Start of THE INPUT

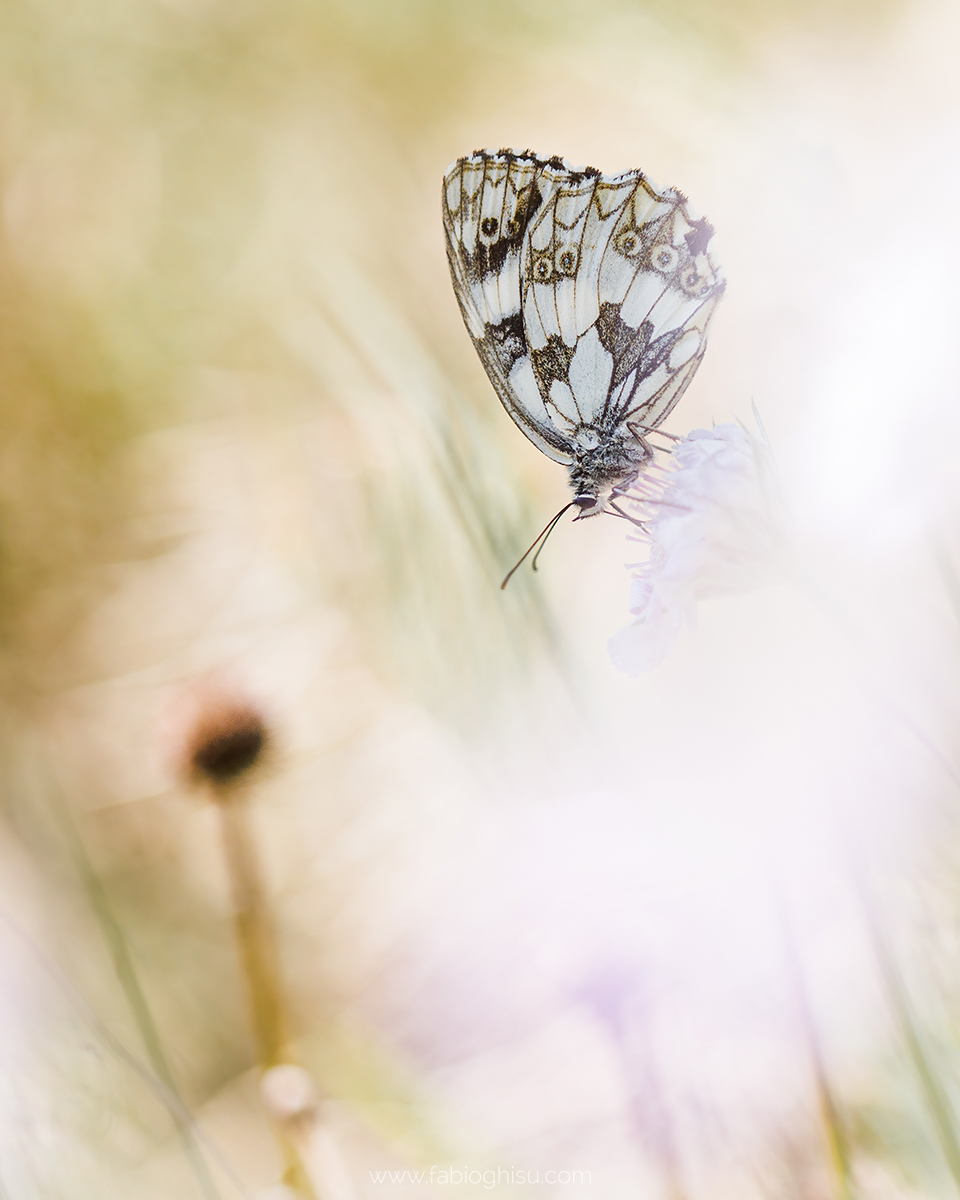 📷 Viaje fotografico en Cerdeña entre macro i paisaje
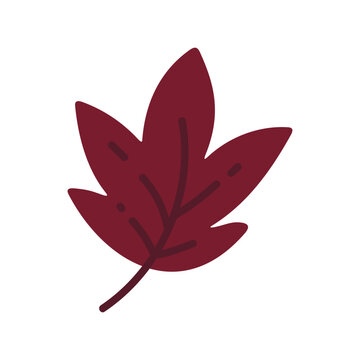 Stylized flat design illustration of a vibrant maroon autumn leaf, ideal for seasonal graphics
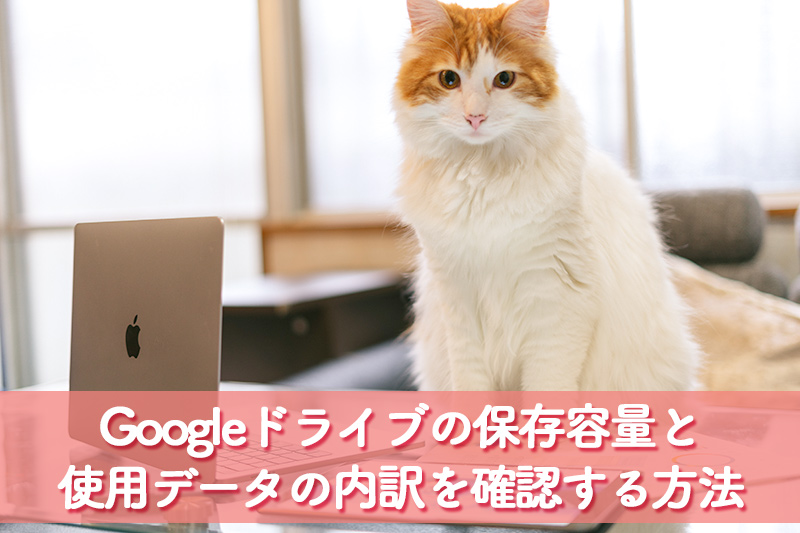 Googleドライブの保存容量と使用データの内訳の確認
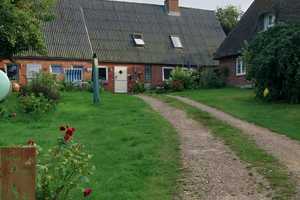 Historisches Bauernhaus, inkl. Ferienwohnung, auf einer Warft an der Nordsee! ohne Markler! – Dorfstrasse 19, 25842 Nordfriesland (Kreis) – Vorschaubild 5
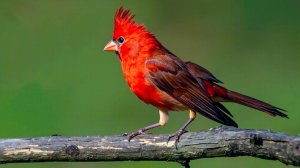 🐦 УСПОКАИВАЮЩАЯ МУЗЫКА ДЛЯ СНА И ПЕНИЕ ПТИЦ НА БЕРЕГУ ОЗЕРА 🎵 РЕЛАКС МУЗЫКА ДЛЯ ДУШИ НА ЗАКАТЕ ДНЯ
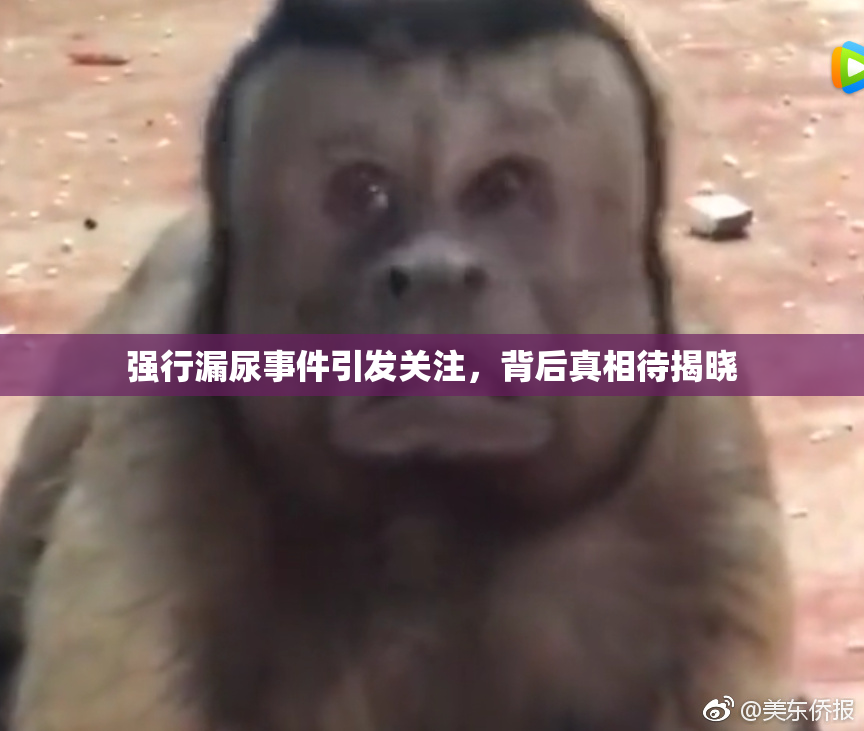 强行漏尿事件引发关注，背后真相待揭晓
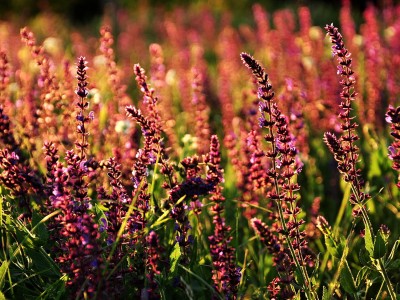 南京有偿捐卵医院，附南京借卵生子知识一览！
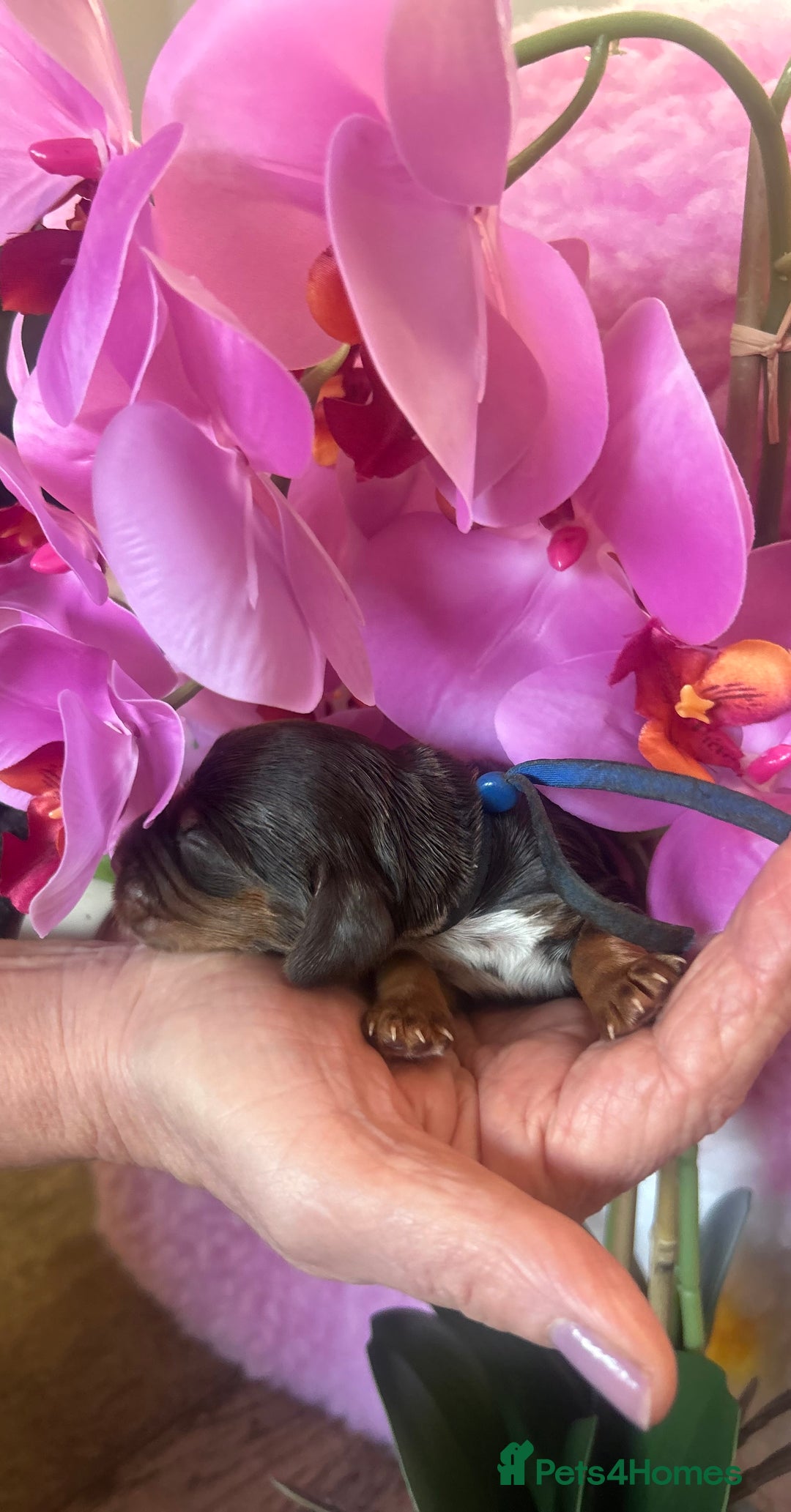 Cocker Spaniel dogs for sale: Stunning litter of show cocker spaniels  - Image 30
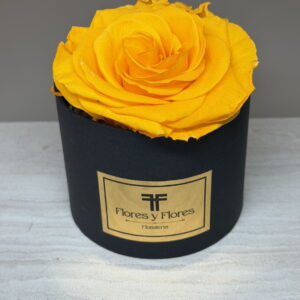 ROSA PRESERVADA PRIMAVERA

End of THE INPUT

Would you restate word for word each line from the one that holds "НА ЗАКАТЕ ДНЯ" to the end of the material, both ends included, without the pictures?

FINAL ANSWER
 🐦 УСПОКАИВАЮЩАЯ МУЗЫКА ДЛЯ СНА И ПЕНИЕ ПТИЦ НА БЕРЕГУ ОЗЕРА 🎵 РЕЛАКС МУЗЫКА ДЛЯ ДУШИ НА ЗАКАТЕ ДНЯ
 强行漏尿事件引发关注，背后真相待揭晓
 南京有偿捐卵医院，附南京借卵生子知识一览！
 Cocker Spaniel dogs for sale: Stunning litter of show cocker spaniels  - Image 30
 ROSA PRESERVADA PRIMAVERA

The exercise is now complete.